Kraken required its margin users to exit these positions and repay the assets within 28 days. The clients had to fulfill their margin obligations before the exchange allowed them to transfer their assets. If unable to do so within 28 days, Kraken liquidated the position. It could also force liquidation if the value of the collateral dipped below a certain threshold percentage of the total outstanding margin.
Kraken, whose CEO ‘admitted’ to bank fraud on Twitter, offered margin ratios of up to 5:1, according to the regulator, noting that the product the exchange offered was illegal as it didn’t have the necessary licenses.
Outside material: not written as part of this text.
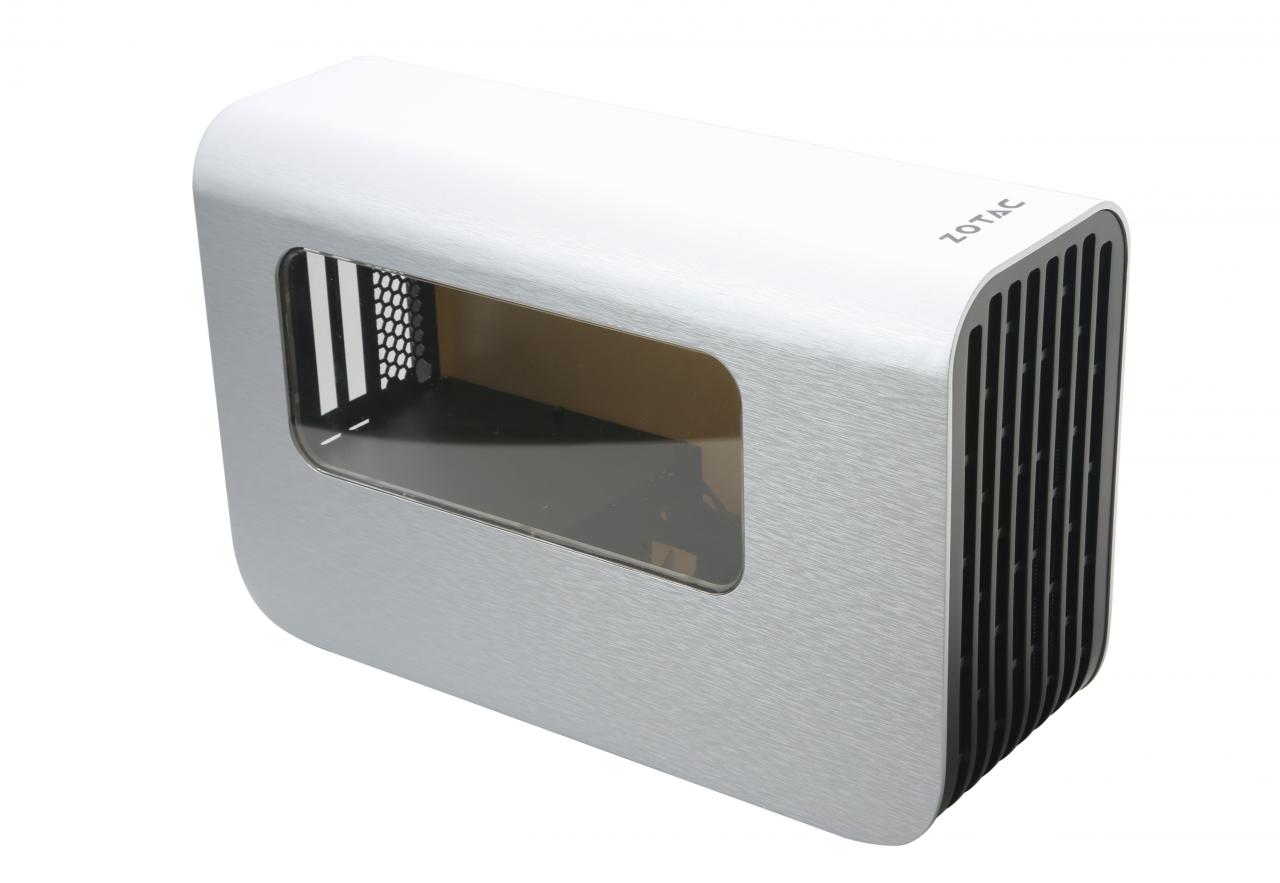 [31/12/2016] Das externe Grafik-Dock von Zotac wird über Thunderbolt 3 mit einem Laptop oder Mini-PC verbunden, um diesem die nötige Grafik-Power zu verpassen.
“Additionally, by soliciting and accepting orders for and entering into retail commodity transactions with customers, and accepting money or property (or extending credit in lieu thereof) to margin these transactions, Kraken illegally operated as an unregistered FCM.”
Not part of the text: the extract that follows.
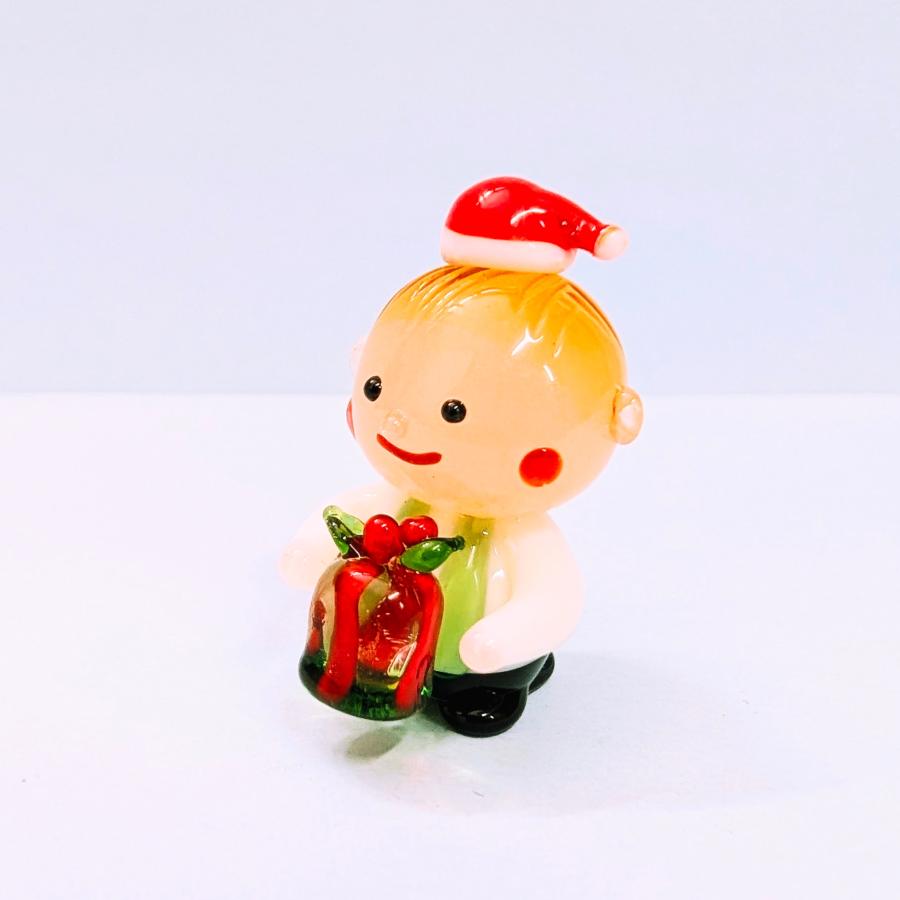 ガラス細工 男の子とギフトボックス ミニチュア 置物 クリスマス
An FCM (futures commission merchant) is an entity licensed to buy or sell futures contracts options on futures, and retail off-exchange forex contracts or swaps.
In paying the fine, the exchange waived a hearing and a judicial review by any court. It also pledged to prevent any such illegal margin products on its platform.
A spokesperson for Kraken claimed, “We are committed to working with regulators to try to ensure the rules governing digital assets create a level playing field globally—one that allows the crypto space in the U.S. to flourish, while protecting the interests of individuals and the integrity of the industry.”
CFTC commissioner decries unclear regulations
The decision by the CFTC that Kraken had breached its Commodity Exchange Act was informed by its Final Interpretive Guidance on retail commodity transactions involving digital assets, according to Commissioner Dawn Stump.
In an accompanying statement, Stump pointed out that the Guidance took effect in June 2020. And while at the time it was a big step for the agency, the commissioner believes that it’s about time the CFTC “undertakes a rulemaking proceeding to supersede the Guidance by adopting binding and enforceable rules that will provide certainty to the marketplace and a shared understanding of the ‘rules of the road.’”
Even if a digital currency exchange registers as an FCM, it remains unclear what regulations it should abide by, she went on. In addition, such an exchange could still be found in breach of other regulations for exchanges. To be fully compliant, the exchange would also have to attain a designated contract market (DCM) license.
“It also would be unprecedented for an entity to register as both a DCM and an FCM,” she wrote.
The $1.25 million fine, while still a significant step for the watchdog, is a mere slap in the wrist for an entity the size of Kraken. The exchange, which launched in 2011, is said to be valued at more than $10 billion. Other companies in the space have paid much larger fines, including a $571 million penalty imposed by the CFTC on Control-Finance LTD and the more recent $100 million penalty on BitMEX exchange.